The Warren Group, a Boston real-estate services firm, reported yesterday that sales of single-family homes declined 7.6 percent last year. That is much larger than the 3.5 percent drop in 2005 sales reported recently by the Massachusetts Association of Realtors in its year-end report.
Warren Group's data show ''a little slower market," though ''not a precipitous drop," said Tim Warren, chief executive of the family-owned Warren Group, which reported the sales figures yesterday in Banker & Tradesman, a weekly publication that it owns.
''I would say our numbers are probably more complete because they come from the public record data and not from realtors," he said. Warren Group's data are collected from registries of deeds in each Massachusetts county.
John Dulczewski, spokesman for the Massachusetts Association of Realtors, confirmed that his organization's data are culled strictly from real estate agents' listings in five multiple listing services operating across Massachusetts. The association's data do not include private transactions, such as a parent's sale to offspring, or sales by owners, or builders directly to buyers.
''Ours is strictly realtor-affiliated sales" for virtually all full-time, active agents working in the state, Dulczewski said.
The Warren Group, as a result, reported a larger number of statewide home sales in 2005 -- 63,350, compared with the association's 49,306 sales.
Both groups said house prices, nevertheless, went up last year. Warren's median house price in Massachusetts was $345,000 last year, up 5.5 percent from 2004; the association's median 2005 price was $354,000, up 2.6 percent.
The disparity between the association's and Warren's data is typical of the results historically, Dulczewski said. The association's 2005 data reflect well on agents' sales abilities, he said. Owners are typically more successful in selling their own properties in strong housing markets than they are in softening markets -- that worse track record may be reflected in Warren's steeper drop.
''If the number of sales involving realtors didn't decline as much," he said, ''then realtors are doing a better job of maintaining their business than builders and for-sale-by-owners are."

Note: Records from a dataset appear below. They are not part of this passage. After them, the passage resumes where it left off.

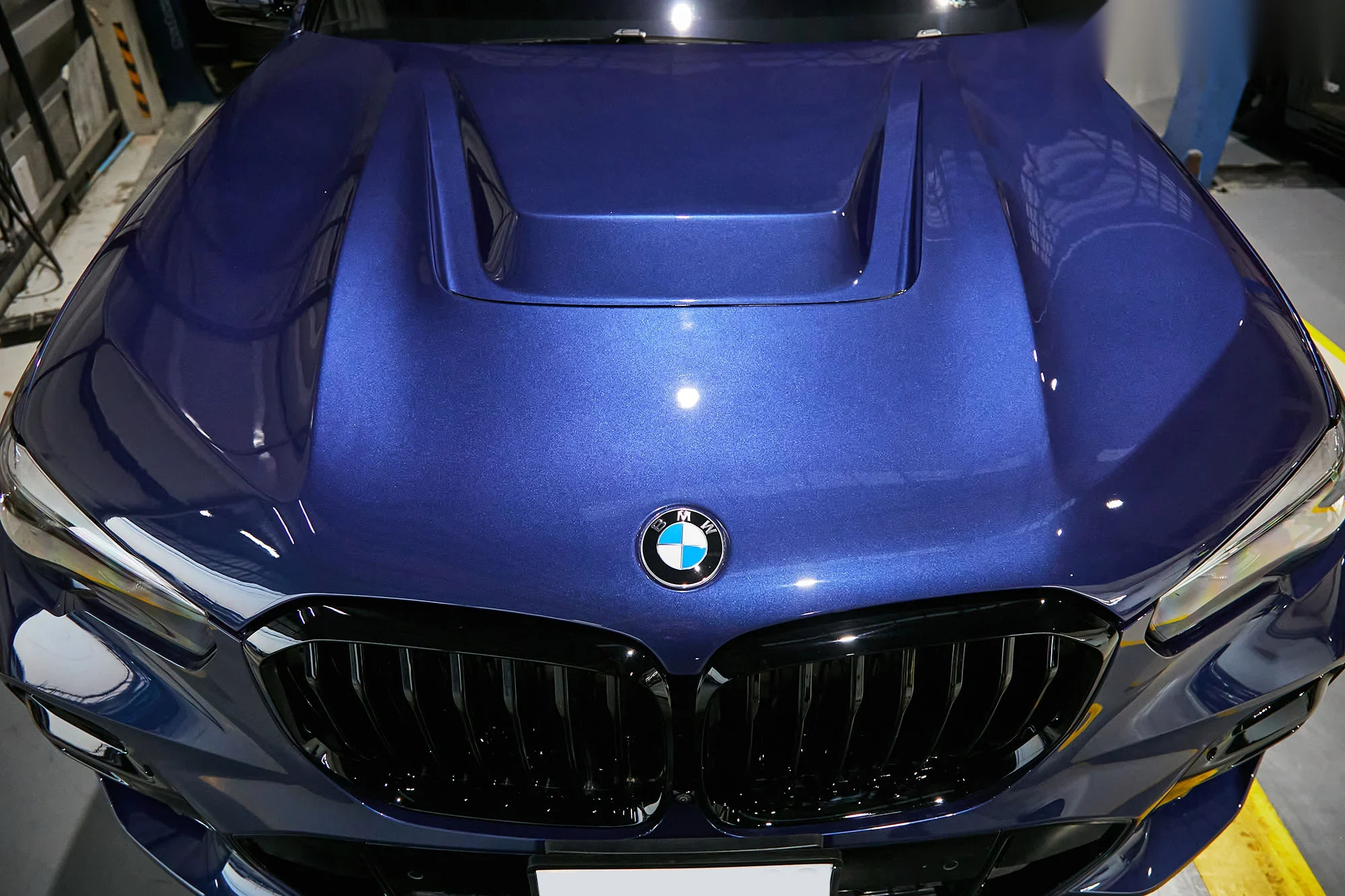 ชุดแต่ง BMW X5 G05 M-Sport x Renegade x Midas Prodrive Shop ภาพ 4
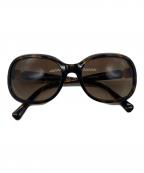 CHANELシャネル）の古着「サングラス 5286-A DC00922219」｜ブラック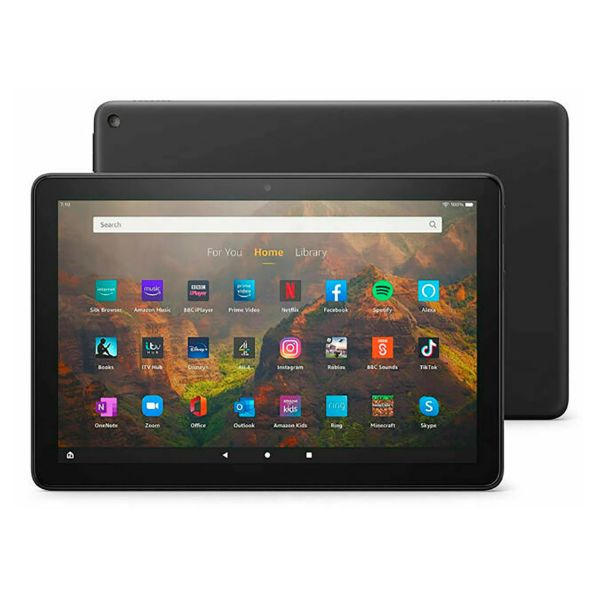 Imagen de Tablet Amazon Fire Hd 10 3gb 32gb Wifi Bluetooth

Warren and the realtors group reported the same news about condos: 2005 sales broke another record.
Warren Group said condo sales in Massachusetts were 34,672, up 12.14 percent from 2004 sales of 30,918. The median price increased 8.11 percent, to $278,379. (Association of Realtors data show a 3.8 percent increase, to $275,000).
Warren said two of the biggest gains in condo sales occurred in Middlesex and Worcester counties, which had sales increases of 29 and 30 percent, respectively.
Surprised by the strength of sales in Worcester County, Warren said, ''You don't typically think of Worcester County as having so many condos."
A large increase in Middlesex condo sales, he said, was due to ''people switching from single-family homes to condos" who are ''wanting to stay in the town they have lived in but wanting to downsize."